**Data records**
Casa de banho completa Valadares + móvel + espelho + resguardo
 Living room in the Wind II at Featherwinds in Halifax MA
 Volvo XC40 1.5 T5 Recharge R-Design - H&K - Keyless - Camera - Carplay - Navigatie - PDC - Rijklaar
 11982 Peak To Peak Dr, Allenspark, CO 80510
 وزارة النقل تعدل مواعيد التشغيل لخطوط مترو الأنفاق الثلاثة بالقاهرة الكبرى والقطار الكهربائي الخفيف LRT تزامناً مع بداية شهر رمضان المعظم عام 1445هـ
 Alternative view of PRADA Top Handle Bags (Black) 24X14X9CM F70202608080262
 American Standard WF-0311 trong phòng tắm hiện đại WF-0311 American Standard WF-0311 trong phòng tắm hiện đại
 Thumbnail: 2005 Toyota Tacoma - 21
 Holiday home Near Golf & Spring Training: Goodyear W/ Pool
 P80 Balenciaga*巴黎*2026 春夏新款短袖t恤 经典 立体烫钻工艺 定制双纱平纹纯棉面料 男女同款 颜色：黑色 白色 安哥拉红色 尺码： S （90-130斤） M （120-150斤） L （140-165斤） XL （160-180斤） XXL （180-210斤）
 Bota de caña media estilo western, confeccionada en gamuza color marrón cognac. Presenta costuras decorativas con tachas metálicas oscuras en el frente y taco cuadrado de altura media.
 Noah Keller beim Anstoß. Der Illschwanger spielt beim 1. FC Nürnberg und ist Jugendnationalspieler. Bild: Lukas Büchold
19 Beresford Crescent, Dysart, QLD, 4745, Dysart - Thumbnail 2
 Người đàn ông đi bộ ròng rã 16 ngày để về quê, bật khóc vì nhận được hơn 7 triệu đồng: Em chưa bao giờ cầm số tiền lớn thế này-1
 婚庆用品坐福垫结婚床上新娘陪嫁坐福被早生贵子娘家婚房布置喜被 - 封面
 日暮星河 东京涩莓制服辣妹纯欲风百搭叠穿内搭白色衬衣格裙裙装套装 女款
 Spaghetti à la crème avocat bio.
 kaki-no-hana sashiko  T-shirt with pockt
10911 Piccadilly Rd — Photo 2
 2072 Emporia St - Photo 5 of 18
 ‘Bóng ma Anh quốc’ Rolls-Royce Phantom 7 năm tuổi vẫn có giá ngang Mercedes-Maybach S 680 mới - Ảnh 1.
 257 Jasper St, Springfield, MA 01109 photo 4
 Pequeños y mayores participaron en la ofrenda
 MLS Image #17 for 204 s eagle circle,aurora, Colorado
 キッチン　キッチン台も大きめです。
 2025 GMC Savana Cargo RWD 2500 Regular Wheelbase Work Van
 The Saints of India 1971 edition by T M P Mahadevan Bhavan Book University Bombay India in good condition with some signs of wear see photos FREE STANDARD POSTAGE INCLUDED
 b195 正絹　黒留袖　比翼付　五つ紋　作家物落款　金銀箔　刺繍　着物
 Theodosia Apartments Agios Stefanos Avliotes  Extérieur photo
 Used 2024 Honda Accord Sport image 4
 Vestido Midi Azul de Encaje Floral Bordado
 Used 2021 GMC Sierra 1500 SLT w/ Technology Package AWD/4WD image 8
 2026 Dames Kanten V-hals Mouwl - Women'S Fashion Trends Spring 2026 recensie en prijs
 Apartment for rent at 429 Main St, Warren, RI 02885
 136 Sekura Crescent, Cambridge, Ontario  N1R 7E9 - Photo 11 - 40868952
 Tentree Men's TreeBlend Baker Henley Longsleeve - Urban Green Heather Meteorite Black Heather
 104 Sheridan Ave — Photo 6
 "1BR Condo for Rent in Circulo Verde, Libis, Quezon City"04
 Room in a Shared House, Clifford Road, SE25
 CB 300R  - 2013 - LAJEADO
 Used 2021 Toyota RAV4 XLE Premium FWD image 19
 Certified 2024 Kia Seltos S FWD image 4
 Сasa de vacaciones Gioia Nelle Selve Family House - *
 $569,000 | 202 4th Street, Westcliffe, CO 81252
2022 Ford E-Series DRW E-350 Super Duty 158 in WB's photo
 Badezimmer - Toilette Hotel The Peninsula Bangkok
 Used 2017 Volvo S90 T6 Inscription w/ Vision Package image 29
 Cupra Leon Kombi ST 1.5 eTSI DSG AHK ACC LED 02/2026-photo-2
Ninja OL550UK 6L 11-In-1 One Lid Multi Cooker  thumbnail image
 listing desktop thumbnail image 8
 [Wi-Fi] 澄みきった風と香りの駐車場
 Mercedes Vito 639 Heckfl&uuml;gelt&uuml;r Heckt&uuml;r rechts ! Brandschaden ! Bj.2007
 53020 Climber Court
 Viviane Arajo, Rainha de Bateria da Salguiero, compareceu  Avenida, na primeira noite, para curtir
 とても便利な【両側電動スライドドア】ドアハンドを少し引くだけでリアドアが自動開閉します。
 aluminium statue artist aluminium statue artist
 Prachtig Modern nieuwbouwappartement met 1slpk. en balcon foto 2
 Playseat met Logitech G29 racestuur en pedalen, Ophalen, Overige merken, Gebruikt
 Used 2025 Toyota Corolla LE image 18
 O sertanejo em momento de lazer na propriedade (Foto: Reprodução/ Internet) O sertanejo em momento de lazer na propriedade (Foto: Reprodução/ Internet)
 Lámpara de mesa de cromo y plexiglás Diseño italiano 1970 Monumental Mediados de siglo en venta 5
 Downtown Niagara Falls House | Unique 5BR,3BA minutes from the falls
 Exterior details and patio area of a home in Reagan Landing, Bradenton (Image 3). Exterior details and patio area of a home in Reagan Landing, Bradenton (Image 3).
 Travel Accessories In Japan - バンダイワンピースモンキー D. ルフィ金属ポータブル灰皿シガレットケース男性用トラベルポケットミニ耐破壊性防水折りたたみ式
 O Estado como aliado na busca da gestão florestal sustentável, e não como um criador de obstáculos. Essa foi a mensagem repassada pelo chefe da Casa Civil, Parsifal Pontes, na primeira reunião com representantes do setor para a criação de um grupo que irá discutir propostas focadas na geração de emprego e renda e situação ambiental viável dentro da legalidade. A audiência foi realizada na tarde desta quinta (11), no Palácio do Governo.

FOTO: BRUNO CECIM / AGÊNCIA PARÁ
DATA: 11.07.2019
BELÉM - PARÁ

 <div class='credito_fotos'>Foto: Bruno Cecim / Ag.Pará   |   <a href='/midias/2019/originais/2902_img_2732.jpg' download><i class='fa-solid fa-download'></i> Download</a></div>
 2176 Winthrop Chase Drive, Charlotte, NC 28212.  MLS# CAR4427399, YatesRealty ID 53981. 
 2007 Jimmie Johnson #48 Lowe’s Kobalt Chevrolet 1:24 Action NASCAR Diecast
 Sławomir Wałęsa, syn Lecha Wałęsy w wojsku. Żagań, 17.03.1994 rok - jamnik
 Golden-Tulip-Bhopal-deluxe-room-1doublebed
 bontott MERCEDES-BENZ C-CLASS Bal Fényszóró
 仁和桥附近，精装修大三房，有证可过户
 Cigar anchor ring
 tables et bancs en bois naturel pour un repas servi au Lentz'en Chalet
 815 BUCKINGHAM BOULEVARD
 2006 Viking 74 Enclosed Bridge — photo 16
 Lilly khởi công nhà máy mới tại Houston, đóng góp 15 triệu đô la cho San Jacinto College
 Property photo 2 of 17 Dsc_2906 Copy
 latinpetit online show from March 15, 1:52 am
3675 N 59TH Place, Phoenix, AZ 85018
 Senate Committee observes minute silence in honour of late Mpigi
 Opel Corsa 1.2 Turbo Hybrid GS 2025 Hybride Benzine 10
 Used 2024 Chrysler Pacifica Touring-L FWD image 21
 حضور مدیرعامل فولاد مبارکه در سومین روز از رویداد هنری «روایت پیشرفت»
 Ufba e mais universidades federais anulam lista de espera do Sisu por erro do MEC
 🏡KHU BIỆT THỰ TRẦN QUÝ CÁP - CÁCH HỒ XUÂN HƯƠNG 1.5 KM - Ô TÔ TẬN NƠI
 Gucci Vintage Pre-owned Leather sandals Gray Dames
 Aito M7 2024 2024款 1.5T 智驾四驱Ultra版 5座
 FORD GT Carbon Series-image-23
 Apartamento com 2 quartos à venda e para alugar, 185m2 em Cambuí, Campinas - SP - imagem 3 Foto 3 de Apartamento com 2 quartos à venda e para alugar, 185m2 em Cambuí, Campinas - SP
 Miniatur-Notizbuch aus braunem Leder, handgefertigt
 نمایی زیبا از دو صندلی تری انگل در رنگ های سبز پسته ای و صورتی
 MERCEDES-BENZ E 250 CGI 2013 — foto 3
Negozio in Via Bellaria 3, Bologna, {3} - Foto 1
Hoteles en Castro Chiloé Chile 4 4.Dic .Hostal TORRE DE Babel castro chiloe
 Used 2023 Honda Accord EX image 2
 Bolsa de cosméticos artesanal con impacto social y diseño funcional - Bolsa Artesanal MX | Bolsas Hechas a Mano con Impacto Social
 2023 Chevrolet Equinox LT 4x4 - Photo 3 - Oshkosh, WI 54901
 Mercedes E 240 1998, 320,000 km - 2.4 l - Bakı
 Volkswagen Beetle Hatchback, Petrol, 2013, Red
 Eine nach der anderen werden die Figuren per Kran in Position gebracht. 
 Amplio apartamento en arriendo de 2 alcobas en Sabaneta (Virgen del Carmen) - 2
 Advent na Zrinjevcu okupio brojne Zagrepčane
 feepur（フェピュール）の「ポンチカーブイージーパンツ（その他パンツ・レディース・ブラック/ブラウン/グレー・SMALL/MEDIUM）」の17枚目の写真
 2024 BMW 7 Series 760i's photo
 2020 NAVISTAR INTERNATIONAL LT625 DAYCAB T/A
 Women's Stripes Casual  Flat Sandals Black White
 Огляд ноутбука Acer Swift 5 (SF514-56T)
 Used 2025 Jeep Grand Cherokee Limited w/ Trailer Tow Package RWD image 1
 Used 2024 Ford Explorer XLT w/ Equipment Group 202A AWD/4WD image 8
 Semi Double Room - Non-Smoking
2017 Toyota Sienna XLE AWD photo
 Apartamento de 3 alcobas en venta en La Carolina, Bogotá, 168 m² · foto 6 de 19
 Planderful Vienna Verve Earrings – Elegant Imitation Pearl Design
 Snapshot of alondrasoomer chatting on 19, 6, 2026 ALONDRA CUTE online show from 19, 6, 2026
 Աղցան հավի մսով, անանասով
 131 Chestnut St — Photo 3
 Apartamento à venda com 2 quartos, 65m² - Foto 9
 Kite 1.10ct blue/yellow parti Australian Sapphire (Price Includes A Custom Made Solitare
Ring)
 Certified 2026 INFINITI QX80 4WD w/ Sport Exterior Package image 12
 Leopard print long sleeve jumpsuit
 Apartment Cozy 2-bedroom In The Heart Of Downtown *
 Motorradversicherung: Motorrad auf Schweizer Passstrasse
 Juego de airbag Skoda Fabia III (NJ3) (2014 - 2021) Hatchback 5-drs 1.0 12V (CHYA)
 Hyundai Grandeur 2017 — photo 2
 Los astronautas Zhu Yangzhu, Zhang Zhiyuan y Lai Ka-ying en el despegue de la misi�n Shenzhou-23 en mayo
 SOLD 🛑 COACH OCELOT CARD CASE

**Work request**
Copy out the range of lines above starting at the line with "Thumbnail: 2005 Toyota Tacoma - 21" and ending at the line with "Pequeños y mayores", exactly and including both.

**Task answer**
 Thumbnail: 2005 Toyota Tacoma - 21
 Holiday home Near Golf & Spring Training: Goodyear W/ Pool
 P80 Balenciaga*巴黎*2026 春夏新款短袖t恤 经典 立体烫钻工艺 定制双纱平纹纯棉面料 男女同款 颜色：黑色 白色 安哥拉红色 尺码： S （90-130斤） M （120-150斤） L （140-165斤） XL （160-180斤） XXL （180-210斤）
 Bota de caña media estilo western, confeccionada en gamuza color marrón cognac. Presenta costuras decorativas con tachas metálicas oscuras en el frente y taco cuadrado de altura media.
 Noah Keller beim Anstoß. Der Illschwanger spielt beim 1. FC Nürnberg und ist Jugendnationalspieler. Bild: Lukas Büchold
19 Beresford Crescent, Dysart, QLD, 4745, Dysart - Thumbnail 2
 Người đàn ông đi bộ ròng rã 16 ngày để về quê, bật khóc vì nhận được hơn 7 triệu đồng: Em chưa bao giờ cầm số tiền lớn thế này-1
 婚庆用品坐福垫结婚床上新娘陪嫁坐福被早生贵子娘家婚房布置喜被 - 封面
 日暮星河 东京涩莓制服辣妹纯欲风百搭叠穿内搭白色衬衣格裙裙装套装 女款
 Spaghetti à la crème avocat bio.
 kaki-no-hana sashiko  T-shirt with pockt
10911 Piccadilly Rd — Photo 2
 2072 Emporia St - Photo 5 of 18
 ‘Bóng ma Anh quốc’ Rolls-Royce Phantom 7 năm tuổi vẫn có giá ngang Mercedes-Maybach S 680 mới - Ảnh 1.
 257 Jasper St, Springfield, MA 01109 photo 4
 Pequeños y mayores participaron en la ofrenda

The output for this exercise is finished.